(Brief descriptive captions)
□ □ □ □
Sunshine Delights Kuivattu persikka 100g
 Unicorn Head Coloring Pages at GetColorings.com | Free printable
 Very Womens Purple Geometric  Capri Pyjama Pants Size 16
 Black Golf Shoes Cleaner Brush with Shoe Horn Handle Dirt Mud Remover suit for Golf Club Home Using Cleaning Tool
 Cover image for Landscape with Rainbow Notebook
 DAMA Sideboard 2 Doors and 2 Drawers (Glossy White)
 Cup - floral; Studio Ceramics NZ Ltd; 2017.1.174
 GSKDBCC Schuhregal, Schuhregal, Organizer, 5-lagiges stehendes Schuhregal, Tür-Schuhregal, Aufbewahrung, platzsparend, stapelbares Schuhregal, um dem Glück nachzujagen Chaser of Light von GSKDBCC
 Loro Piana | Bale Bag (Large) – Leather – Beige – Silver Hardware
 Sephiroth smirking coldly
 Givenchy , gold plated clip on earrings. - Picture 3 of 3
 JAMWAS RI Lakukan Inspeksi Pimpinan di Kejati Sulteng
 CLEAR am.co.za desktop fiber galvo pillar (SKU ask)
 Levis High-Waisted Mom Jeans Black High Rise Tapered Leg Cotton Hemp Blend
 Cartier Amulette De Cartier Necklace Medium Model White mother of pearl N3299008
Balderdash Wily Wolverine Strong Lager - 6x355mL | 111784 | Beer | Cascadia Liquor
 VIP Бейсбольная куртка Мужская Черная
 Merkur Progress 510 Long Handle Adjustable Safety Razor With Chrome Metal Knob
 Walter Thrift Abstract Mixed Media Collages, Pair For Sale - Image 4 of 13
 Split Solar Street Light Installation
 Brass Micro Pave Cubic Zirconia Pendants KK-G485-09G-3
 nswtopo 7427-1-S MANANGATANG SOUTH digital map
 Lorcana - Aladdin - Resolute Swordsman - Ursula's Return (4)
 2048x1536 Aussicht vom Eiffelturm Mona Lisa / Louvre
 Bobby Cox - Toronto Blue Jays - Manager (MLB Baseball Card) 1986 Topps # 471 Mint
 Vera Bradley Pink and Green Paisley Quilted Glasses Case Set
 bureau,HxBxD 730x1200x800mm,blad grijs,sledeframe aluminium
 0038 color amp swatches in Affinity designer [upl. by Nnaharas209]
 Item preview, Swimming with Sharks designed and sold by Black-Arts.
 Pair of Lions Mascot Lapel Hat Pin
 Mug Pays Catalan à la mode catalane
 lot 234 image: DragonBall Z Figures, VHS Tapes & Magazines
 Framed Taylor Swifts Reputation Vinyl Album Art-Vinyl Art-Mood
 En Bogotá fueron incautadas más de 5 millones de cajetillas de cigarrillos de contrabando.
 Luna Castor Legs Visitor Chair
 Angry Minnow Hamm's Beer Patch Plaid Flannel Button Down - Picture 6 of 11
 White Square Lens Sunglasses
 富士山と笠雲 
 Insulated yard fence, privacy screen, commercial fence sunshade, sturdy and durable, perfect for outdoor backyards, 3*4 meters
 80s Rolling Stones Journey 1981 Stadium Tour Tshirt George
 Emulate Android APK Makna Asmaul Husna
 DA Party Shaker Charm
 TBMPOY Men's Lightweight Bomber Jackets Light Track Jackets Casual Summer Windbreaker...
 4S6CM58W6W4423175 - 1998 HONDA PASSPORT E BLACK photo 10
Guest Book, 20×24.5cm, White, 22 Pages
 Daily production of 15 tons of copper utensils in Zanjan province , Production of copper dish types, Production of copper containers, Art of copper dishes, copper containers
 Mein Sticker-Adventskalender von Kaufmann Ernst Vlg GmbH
□ □ □ □
__Requirement__
An exact copy of the entries from the line containing "80s Rolling Stones" through the last line is the expected answer.

__Response to this exercise__
 80s Rolling Stones Journey 1981 Stadium Tour Tshirt George
 Emulate Android APK Makna Asmaul Husna
 DA Party Shaker Charm
 TBMPOY Men's Lightweight Bomber Jackets Light Track Jackets Casual Summer Windbreaker...
 4S6CM58W6W4423175 - 1998 HONDA PASSPORT E BLACK photo 10
Guest Book, 20×24.5cm, White, 22 Pages
 Daily production of 15 tons of copper utensils in Zanjan province , Production of copper dish types, Production of copper containers, Art of copper dishes, copper containers
 Mein Sticker-Adventskalender von Kaufmann Ernst Vlg GmbH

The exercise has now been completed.